A turnkey lidar system with
depolarization sensitivity.
Brief System Description
PEELS was developed by Visidyne to address those issues
which have restricted the routine use of conventional lidar technology.
The state-of-the-art components employed in PEELS as well as its system
design and rigid construction allow for safe, sensitive, reliable, unattended,
and continuous operation. In addition, it is small, robust, easily
transportable, and readily configurable for different basing modes.
The system operates at a wavelength of 1.574 microns using a compact laser/OPO
transmitter. The receiver delivers unsurpassed performance by employing
proprietary F/1 optics and the most sensitive proven detector technology
available for this wavelength. The baseline system incorporates dual
channel polarization sensitive reception in order to quantify both the magnitude
and depolarization characteristics of the target
backscatter.
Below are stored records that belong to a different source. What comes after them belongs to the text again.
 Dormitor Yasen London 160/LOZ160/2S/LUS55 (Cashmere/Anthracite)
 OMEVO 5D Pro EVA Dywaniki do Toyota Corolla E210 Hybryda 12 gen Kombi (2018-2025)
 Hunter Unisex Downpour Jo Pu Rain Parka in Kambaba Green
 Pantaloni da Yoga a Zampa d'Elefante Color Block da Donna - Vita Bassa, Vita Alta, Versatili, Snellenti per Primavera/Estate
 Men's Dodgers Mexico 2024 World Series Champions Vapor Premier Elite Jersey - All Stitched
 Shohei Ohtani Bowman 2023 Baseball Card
Several models of PEELS have been built and extensively
utilized by customers in both ground and aircraft based configurations.
The applications have included tracking, mapping, and depolarization discrimination
of: rocket effluents, anthropogenic dust clouds, hard targets, and
optically thin to subvisual cirrus clouds.
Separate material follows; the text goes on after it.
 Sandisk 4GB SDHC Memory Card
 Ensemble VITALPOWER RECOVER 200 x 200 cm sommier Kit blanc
Sample Data: Ground Based, Signal Averaging Mode
The images below illustrate 90 minutes of ground based
PEELS data accumulated at a 31 degree elevation angle, on a clear cool
New England fall day, and with an averaging time of about 1 minute.
The lower troposphere aerosol layering evident in the data was not visually
discernible. The cirrus cloud coverage was visually discernible but
optically quite thin. The data also clearly show that the
cirrus cloud backscatter depolarization was in the expected range for (irregular)
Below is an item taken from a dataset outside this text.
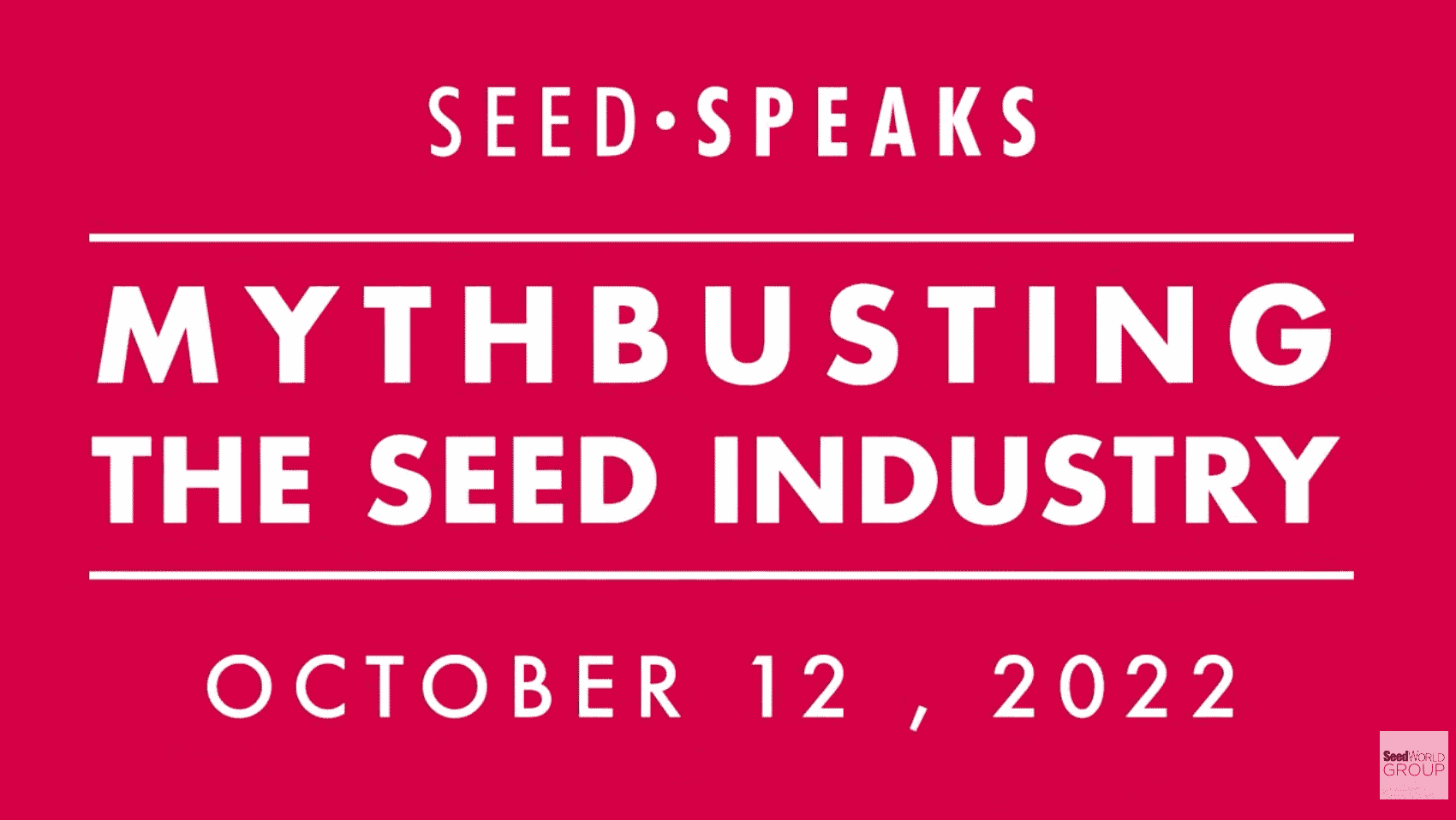 Seed Speaks mythbusting season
ice particles (0.3-0.7), whereas the depolarization of the lower layer
is consistent with (near spherical) liquid aqueous aerosols (0.01-0.04)
with, perhaps, a dust component (0.06-0.1).


Sample Data: Aircraft Based, Single Shot Mode
The images below are representations of about 1 minute
of single shot data from an aircraft-configured PEELS. The PEELS
unit was mounted in FISTA (a USAF AFRL research aircraft) and directed
15 degrees from the nadir with a mirror assembly. During this short
sequence of data the aircraft was flying at about 9.1 km AGL (10.4 km MSL)
over open high desert. Two narrow but distinct cloud layers are evident
between about 4 and 5 km AGL. The depolarization ratio clearly shows
the first cloud layer to be almost entirely a liquid water cloud, whereas
the second and slightly lower layer is either a pure or partial ice cloud.
Additional analysis of the ground return (at the bottom of the images)
further confirms this by showing that the backscatter-to-extinction ratio
of the first layer is about 4 times greater than that of the second layer.